In Havana, the background radiation of life is a mechanical hum. It is the rattle of a 1950s Chevy Bel Air coughing blue smoke, the rhythmic thrum of a Soviet-era fan fighting the Caribbean humidity, and, most importantly, the low-frequency vibration of the power grid. When that hum dies, the silence feels heavy. It feels like a physical weight pressing against your eardrums.
On a humid afternoon, the Antonio Guiteras power plant—the aging heart of Cuba’s electrical system—gave up. It didn’t just flicker. It collapsed. Within minutes, ten million people were disconnected from the modern world. This wasn't a localized blackout or a scheduled "affectation," as the government euphemistically calls them. This was a total system failure.
Imagine Maria. She is a hypothetical grandmother in Central Havana, but she represents a million very real stories. When the lights went out, her first instinct wasn't to check the news; she couldn't. Her first instinct was to open her freezer. In a country where food is scarce and prices are astronomical, a piece of chicken is not just a meal. It is an investment. It is a week of sacrifice stored in a block of ice. As the ice began to weep, Maria began to mourn.
The collapse of a national grid is a technical event, but its consequences are visceral. It is the smell of spoiling meat. It is the sound of a child crying because the heat is a suffocating blanket. It is the sight of an entire city sitting on their doorsteps in the pitch black, looking at a sky suddenly crowded with stars they haven't seen in decades, wondering if the lights will ever come back on.

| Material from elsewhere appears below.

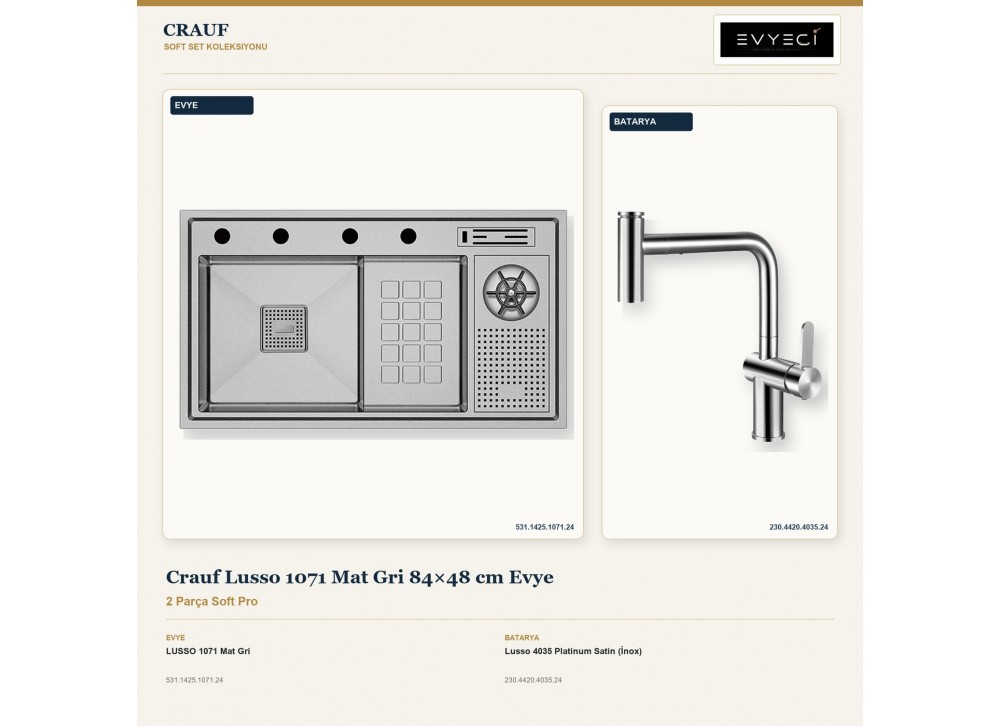 Crauf Lusso 1071 Mat Gri 84×48 cm Evye + Lusso 4035 Platinum Satin (İnox) Batarya | 2 Parça Soft Pro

The Anatomy of an Implosion
To understand why the lights went out, you have to look at the bones of the island. Cuba’s energy infrastructure is a Frankenstein’s monster of Cold War relics and desperate patches. The power plants are old. Very old. Most have exceeded their thirty-year lifespan by a decade or more. They are being asked to run a marathon while suffering from chronic malnutrition.

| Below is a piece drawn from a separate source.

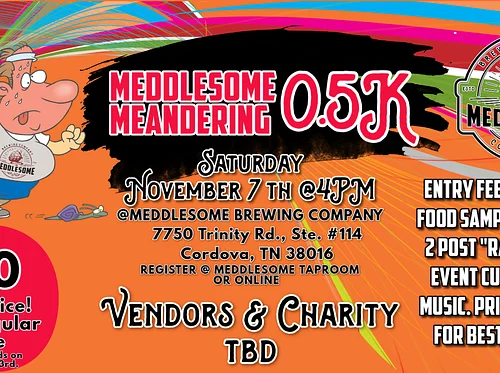 9th Annual Meddlesome Meandering 0.5K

The malnutrition is literal. These plants run on crude oil, but they need specialized parts to keep the turbines spinning. This is where the geopolitical friction meets the metal. Because of the long-standing US blockade—the "embargo"—obtaining these parts is a logistical nightmare.
Consider the "Blockade Premium." If a technician in Matanzas needs a specific seal for a boiler, they can’t just order it from a supplier in Florida, ninety miles away. They have to find a third-party seller in a different hemisphere willing to risk secondary sanctions. The part travels halfway around the world, hidden in layers of shell companies, and by the time it arrives, the cost has tripled.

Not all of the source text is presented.